> ASSIGNMENT
In the data below, begin at the line with "The OnePlus 10T" and stop after the line with "We think you'll"; output those lines exactly and no pictures.

> INFORMATION GIVEN
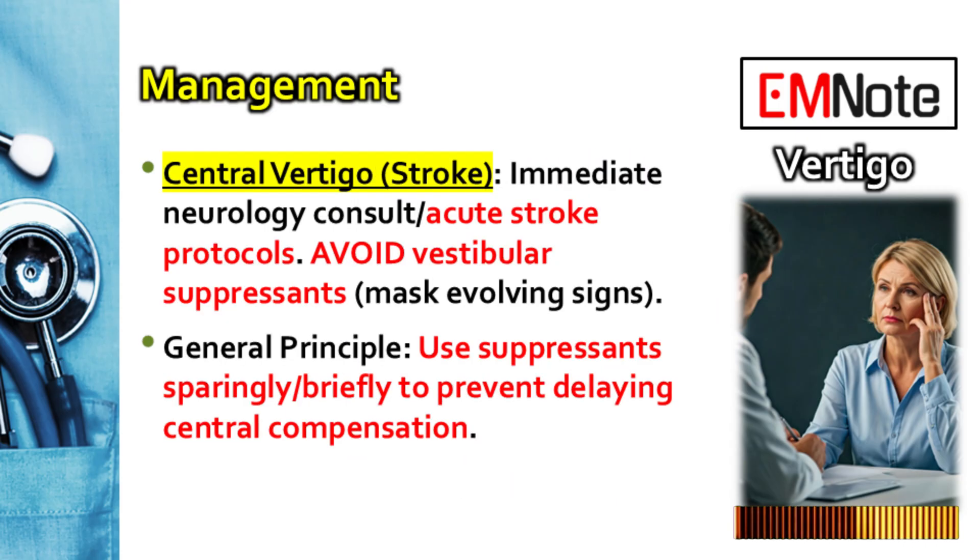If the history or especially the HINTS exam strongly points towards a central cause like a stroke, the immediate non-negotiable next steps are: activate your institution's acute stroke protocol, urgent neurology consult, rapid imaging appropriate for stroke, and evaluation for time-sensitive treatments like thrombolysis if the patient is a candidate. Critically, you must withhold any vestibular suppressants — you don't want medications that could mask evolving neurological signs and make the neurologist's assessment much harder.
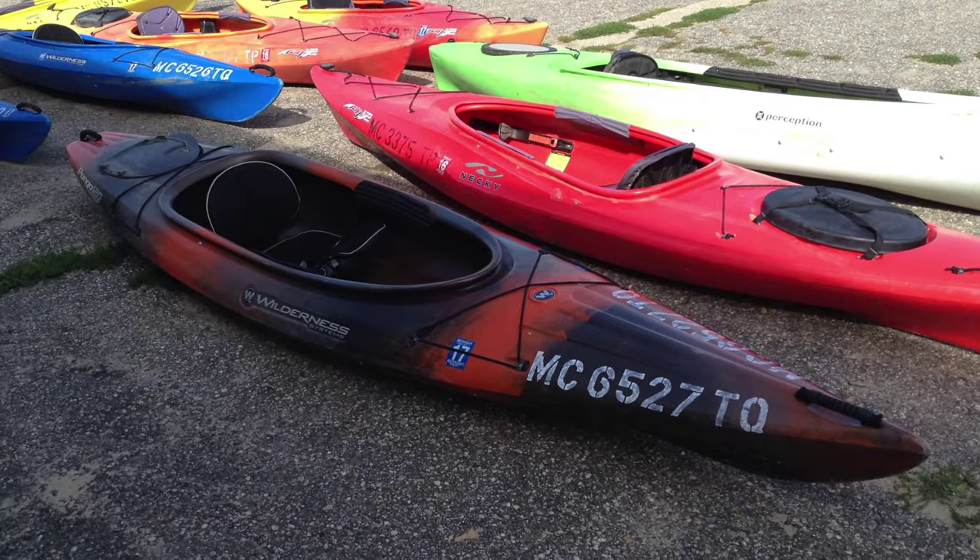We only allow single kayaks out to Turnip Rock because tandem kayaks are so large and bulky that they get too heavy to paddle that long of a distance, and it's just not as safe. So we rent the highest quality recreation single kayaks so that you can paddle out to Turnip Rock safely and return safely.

* * *

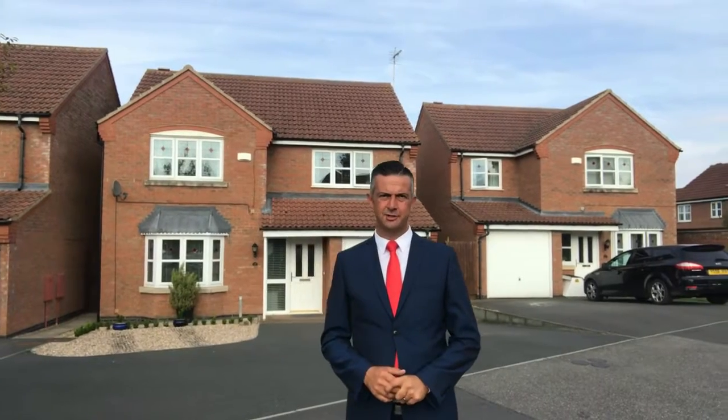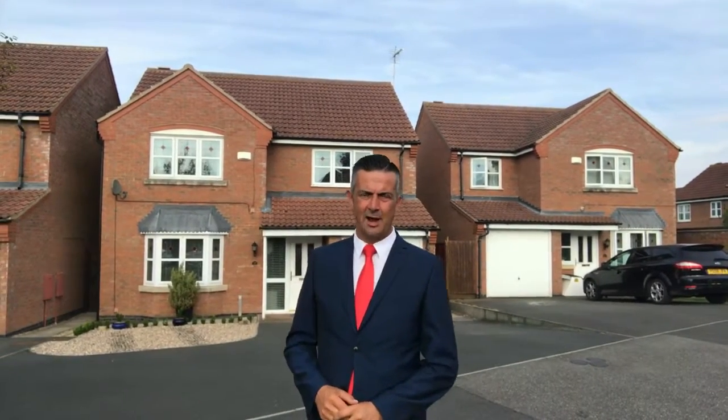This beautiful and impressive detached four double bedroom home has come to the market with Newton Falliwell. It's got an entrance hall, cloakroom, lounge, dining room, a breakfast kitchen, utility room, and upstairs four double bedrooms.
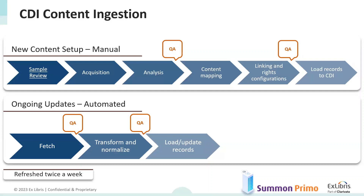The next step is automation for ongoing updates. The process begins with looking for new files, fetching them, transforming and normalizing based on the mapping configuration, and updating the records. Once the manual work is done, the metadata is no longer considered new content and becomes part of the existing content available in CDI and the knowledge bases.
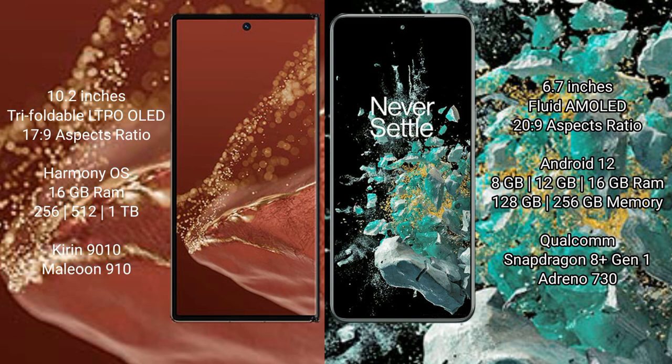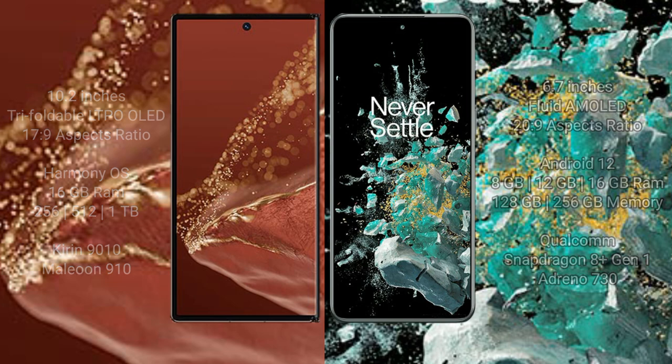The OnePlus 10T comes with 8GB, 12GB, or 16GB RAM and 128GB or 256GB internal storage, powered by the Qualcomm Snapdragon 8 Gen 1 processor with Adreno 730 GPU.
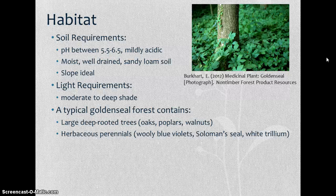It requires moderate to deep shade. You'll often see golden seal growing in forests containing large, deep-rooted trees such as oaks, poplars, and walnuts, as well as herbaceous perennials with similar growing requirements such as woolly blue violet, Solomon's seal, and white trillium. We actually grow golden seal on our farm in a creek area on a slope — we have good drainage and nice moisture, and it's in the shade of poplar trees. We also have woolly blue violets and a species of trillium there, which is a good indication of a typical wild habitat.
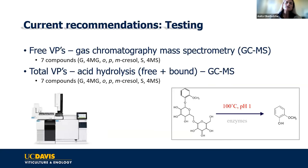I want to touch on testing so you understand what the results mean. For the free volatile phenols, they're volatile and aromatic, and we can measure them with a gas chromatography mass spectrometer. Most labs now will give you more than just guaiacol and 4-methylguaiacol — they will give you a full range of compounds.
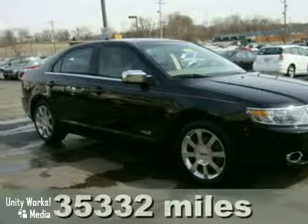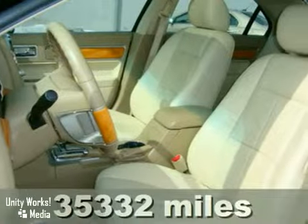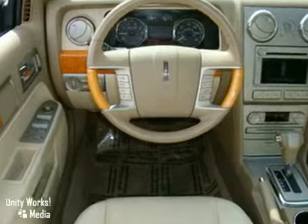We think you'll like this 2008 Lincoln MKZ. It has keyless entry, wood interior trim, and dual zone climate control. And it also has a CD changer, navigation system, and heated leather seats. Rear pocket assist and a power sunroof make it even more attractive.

> WORKED SOLUTION
The OnePlus 10T comes with 8GB, 12GB, or 16GB RAM and 128GB or 256GB internal storage, powered by the Qualcomm Snapdragon 8 Gen 1 processor with Adreno 730 GPU.
It requires moderate to deep shade. You'll often see golden seal growing in forests containing large, deep-rooted trees such as oaks, poplars, and walnuts, as well as herbaceous perennials with similar growing requirements such as woolly blue violet, Solomon's seal, and white trillium. We actually grow golden seal on our farm in a creek area on a slope — we have good drainage and nice moisture, and it's in the shade of poplar trees. We also have woolly blue violets and a species of trillium there, which is a good indication of a typical wild habitat.
I want to touch on testing so you understand what the results mean. For the free volatile phenols, they're volatile and aromatic, and we can measure them with a gas chromatography mass spectrometer. Most labs now will give you more than just guaiacol and 4-methylguaiacol — they will give you a full range of compounds.
We think you'll like this 2008 Lincoln MKZ. It has keyless entry, wood interior trim, and dual zone climate control. And it also has a CD changer, navigation system, and heated leather seats. Rear pocket assist and a power sunroof make it even more attractive.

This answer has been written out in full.